Le livre comprend des chapitres sur les relations judéo-chrétiennes, sur le renouveau charismatique dans l’Église catholique, et sur l’amitié entre Samy et Jean-Marie Lustiger qui deviendra plus tard Cardinal Archevêque de Paris et qui était lui-même d’origine juive polonaise. L’avant-dernier chapitre raconte l’histoire de la fondation du groupe « Myriam fille de Sion » en 1981, qui poursuivit ses rencontres à Paris jusqu’à ce jour. La célébration de la messe le samedi, signe du lien avec le peuple juif, consistait une part importante des activités du groupe ; une partie de la prière était dite en hébreu. Samy souligne aussi le lien qui le lie lui personnellement et le groupe « Myriam fille de Sion » aux communautés catholiques hébréophones d’Israël. En quelques pages, il raconte le développe
ment des communautés catholiques hébréophones d’Israël, depuis leur fondation en 1955 jusqu’à l’ordination du Père Jean-Baptiste Gourion comme évêque en 2003. Il décrit aussi nos activités en Israël.

L’interviewer demande à Samy, à la fin du chapitre 11 : « Que représente pour toi le fait de pouvoir participer à la messe en hébreu ? ». Il répond : « Quand je prie en hébreu, je me sens plus proche des premières communautés chrétiennes, j’essaie de prier les psaumes en hébreu, comme le faisait Jésus.
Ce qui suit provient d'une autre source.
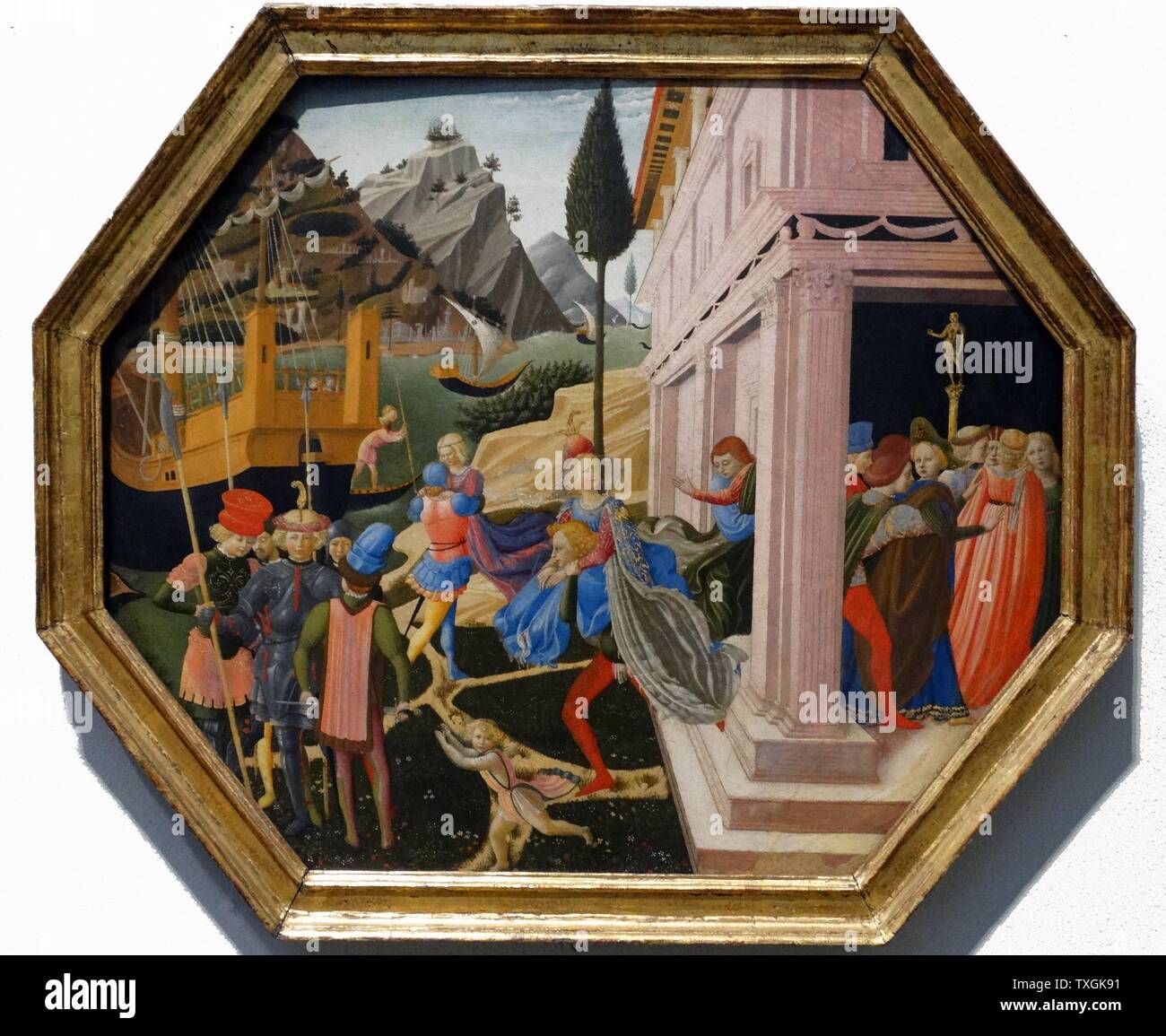 Painting titled 'The Abduction of Helen' by Zanobi Strozzi (1412-1468) an Italian painter and manuscript illuminator. Dated 15th Century Stock Photo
On dit souvent que la langue est une constituante importante de l’identité: pour moi, parler l’hébreu m’a fait prendre plus conscience de mon identité juive… C’est une grâce de prier la Bible en hébreu, cela explique aussi pourquoi beaucoup de chrétiens aujourd’hui désirent l’apprendre » (p. 134).

A la fin de ce livre fascinant, Samy dit : « En relisant ma vie, je ne sais à quelle vocation j’étais vraiment appelé. J’ai le sentiment d’avoir vécu plusieurs vies avec cependant « le fil rouge » de la main de Dieu qui, sans que je le réalise toujours, m’a fait avancer au travers d’événements et de rencontres » (p. 139).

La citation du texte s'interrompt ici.